Ask HN: Cap table is a mess - startup89
Hi,<p>Will keep it simple:
- 16% of our Cap Table is owned by people no longer involved in the company
- We have $2M in the bank
- We are pivoting to something completely different
- The $2M is from note holders (so they currently are not on the cap table)<p>What is the best way to get that equity back?
- Buy out the owners
- Start new company and refund investors
- Do a recapitalization
- Other idea?<p>Thanks
======
fab1an
IANAL, and this depends on many many factors, and probably many more than you
currently have on your radar given the way you've phrased your question.

Best way forward here is likely to sit down with a great lawyer and talk
through the _technical_ options you have, which will vary based on
jurisdiction and setup.

If you have a good relationship with the 16%, there is probably a way to
readjust the ownership levels in good faith - they will want you to be
properly incentivized. You will have to make a good case for this and explain
how the readjustment will work best on a technical level, and why this is
going to be win-win.

------
siegel
Sadly, this question cannot be answered based on this information.

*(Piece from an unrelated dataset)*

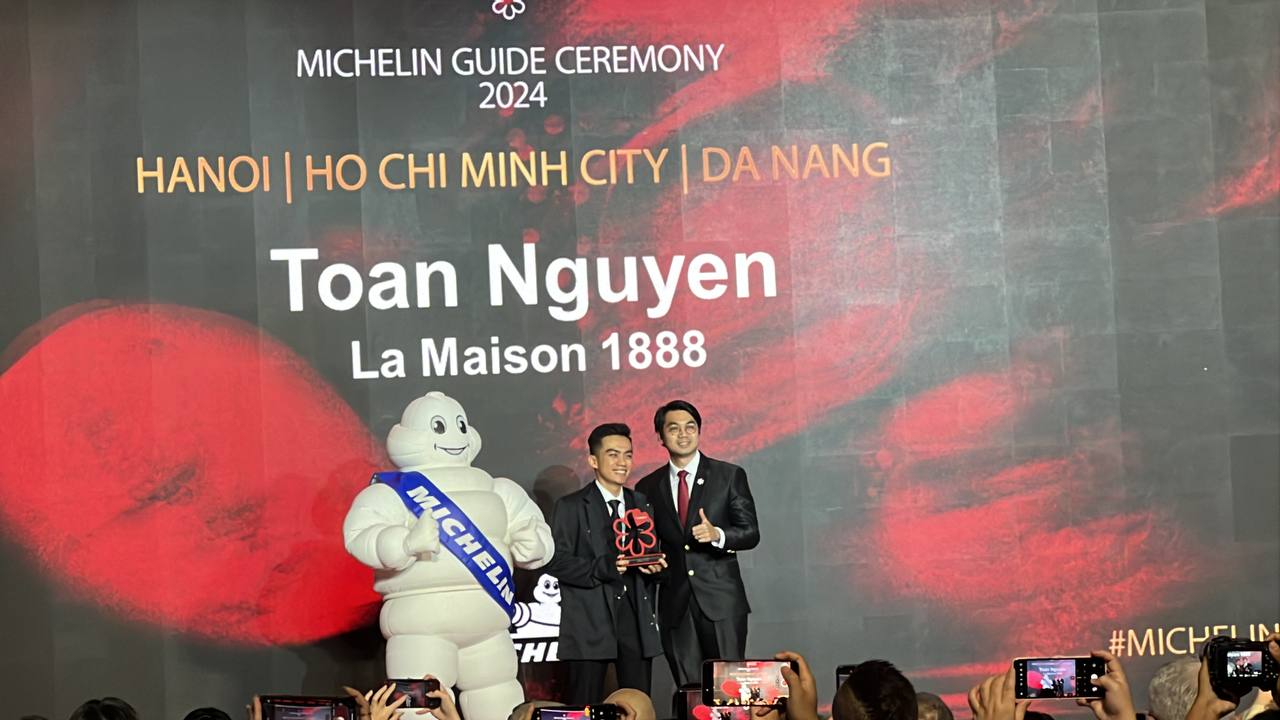 CẬP NHẬT: Công bố danh sách MICHELIN Guide Việt Nam 2024, mỏi mắt chờ bánh mì mà vẫn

When you say "pivoting to something completely different," are you going to be
using IP developed as part of the current company? If so, starting a new
company will be very difficult.

And the note holders don't want their money back, most likely. I mean, if you
dissolve, they'll have no choice but to take it. But they were investing to
get equity down the road. Query how you raised $2M and apparently haven't
spent any of it. How long ago did you enter into these notes? I would have to
imagine it was pretty recent. And you didn't know about the pivot then? That's
possible, of course. But it's a concern the noteholders may have.

There are lots of strategies to move forward. But it's pretty fact specific. I
think fab1an's advice is really the best.

------
_ah
Don't know what your goals are here, but if you have $2M banked then you're
presumably shooting for a relatively large ~$100M+ market valuation. At this
point, your primary focus should be the success of your pivot, and nothing is
more valuable than cash.

If the extra 16% equity is necessary to ensure your ability to fundraise and
retain talent, then it is a fatal condition. You must find a way to show the
equity holders that their 16% will be worth zero unless they give some back.

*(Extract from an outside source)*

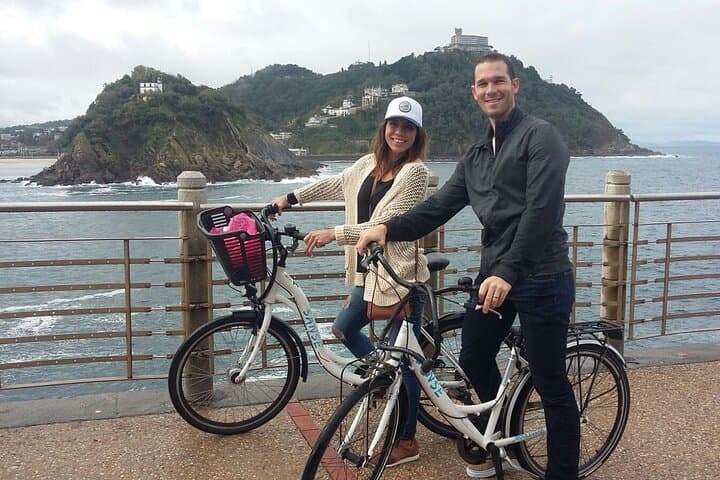 Private Guided Sightseeing Bike Tour of San Sebastian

If the extra 16% is _extremely annoying_, and you really wish you could get it
back because you think this new venture will be HUGE... then I'd advise you to
consider leaving it alone as "dead equity". Yeah it sucks, but your options
here are Victory or Zero. Giving up cash (or time, and mental anguish) for a
slightly larger Victory doesn't really help you, and increases the probability
of Zero by a non-trivial amount. Check your ego and be wise here.

IANAL. Your Mileage My Vary.

------
tedmiston
I don't know that HN can give a satisfactory answer with the information
provided. For instance, does the traction of the business indicate the value
will continue to increase (i.e., is buying out worthwhile to you)? Is the
outside ownership shares or options; if options, do they have expiration? Are
there opportunities to fundraise or sell? Is the outside ownership a problem
to potential investors? etc

------
hguhghuff
No longer involved, but provided something of value in the past?